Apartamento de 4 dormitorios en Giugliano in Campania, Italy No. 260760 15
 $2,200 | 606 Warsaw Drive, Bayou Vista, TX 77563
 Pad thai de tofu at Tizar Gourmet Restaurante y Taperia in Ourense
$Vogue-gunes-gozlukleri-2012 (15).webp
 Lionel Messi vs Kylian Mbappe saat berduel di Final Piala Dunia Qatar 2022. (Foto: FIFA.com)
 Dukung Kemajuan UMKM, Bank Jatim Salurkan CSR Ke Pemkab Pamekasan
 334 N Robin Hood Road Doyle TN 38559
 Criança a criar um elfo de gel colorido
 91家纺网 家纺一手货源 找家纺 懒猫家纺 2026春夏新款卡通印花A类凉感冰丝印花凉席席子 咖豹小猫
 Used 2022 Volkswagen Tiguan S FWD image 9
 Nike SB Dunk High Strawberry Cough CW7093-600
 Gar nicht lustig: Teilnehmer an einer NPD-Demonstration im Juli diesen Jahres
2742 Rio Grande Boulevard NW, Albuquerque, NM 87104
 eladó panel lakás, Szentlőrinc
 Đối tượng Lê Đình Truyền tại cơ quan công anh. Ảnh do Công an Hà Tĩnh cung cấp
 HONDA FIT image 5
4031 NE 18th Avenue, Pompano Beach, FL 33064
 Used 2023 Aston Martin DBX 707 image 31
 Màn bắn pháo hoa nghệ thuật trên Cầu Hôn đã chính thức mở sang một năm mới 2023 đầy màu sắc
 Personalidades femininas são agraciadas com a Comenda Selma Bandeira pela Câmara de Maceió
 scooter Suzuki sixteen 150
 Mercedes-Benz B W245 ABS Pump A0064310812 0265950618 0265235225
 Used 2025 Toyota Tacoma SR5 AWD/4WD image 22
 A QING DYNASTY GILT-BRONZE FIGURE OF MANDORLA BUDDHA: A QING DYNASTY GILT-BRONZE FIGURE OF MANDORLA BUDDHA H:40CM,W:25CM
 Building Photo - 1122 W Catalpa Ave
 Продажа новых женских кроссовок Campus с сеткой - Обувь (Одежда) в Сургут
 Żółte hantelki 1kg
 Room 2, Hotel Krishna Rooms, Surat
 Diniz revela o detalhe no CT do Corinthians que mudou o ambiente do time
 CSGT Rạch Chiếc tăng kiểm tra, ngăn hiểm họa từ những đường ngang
═══
• **DESCRIPTION OF THE TASK**: In the records above, the line with "Gar nicht lustig: Teilnehmer" marks the start and the line with "Room 2, Hotel Krishna Rooms, Surat" marks the end; copy that stretch exactly, both lines included, and nothing else.

• **FINAL ANSWER**:
 Gar nicht lustig: Teilnehmer an einer NPD-Demonstration im Juli diesen Jahres
2742 Rio Grande Boulevard NW, Albuquerque, NM 87104
 eladó panel lakás, Szentlőrinc
 Đối tượng Lê Đình Truyền tại cơ quan công anh. Ảnh do Công an Hà Tĩnh cung cấp
 HONDA FIT image 5
4031 NE 18th Avenue, Pompano Beach, FL 33064
 Used 2023 Aston Martin DBX 707 image 31
 Màn bắn pháo hoa nghệ thuật trên Cầu Hôn đã chính thức mở sang một năm mới 2023 đầy màu sắc
 Personalidades femininas são agraciadas com a Comenda Selma Bandeira pela Câmara de Maceió
 scooter Suzuki sixteen 150
 Mercedes-Benz B W245 ABS Pump A0064310812 0265950618 0265235225
 Used 2025 Toyota Tacoma SR5 AWD/4WD image 22
 A QING DYNASTY GILT-BRONZE FIGURE OF MANDORLA BUDDHA: A QING DYNASTY GILT-BRONZE FIGURE OF MANDORLA BUDDHA H:40CM,W:25CM
 Building Photo - 1122 W Catalpa Ave
 Продажа новых женских кроссовок Campus с сеткой - Обувь (Одежда) в Сургут
 Żółte hantelki 1kg
 Room 2, Hotel Krishna Rooms, Surat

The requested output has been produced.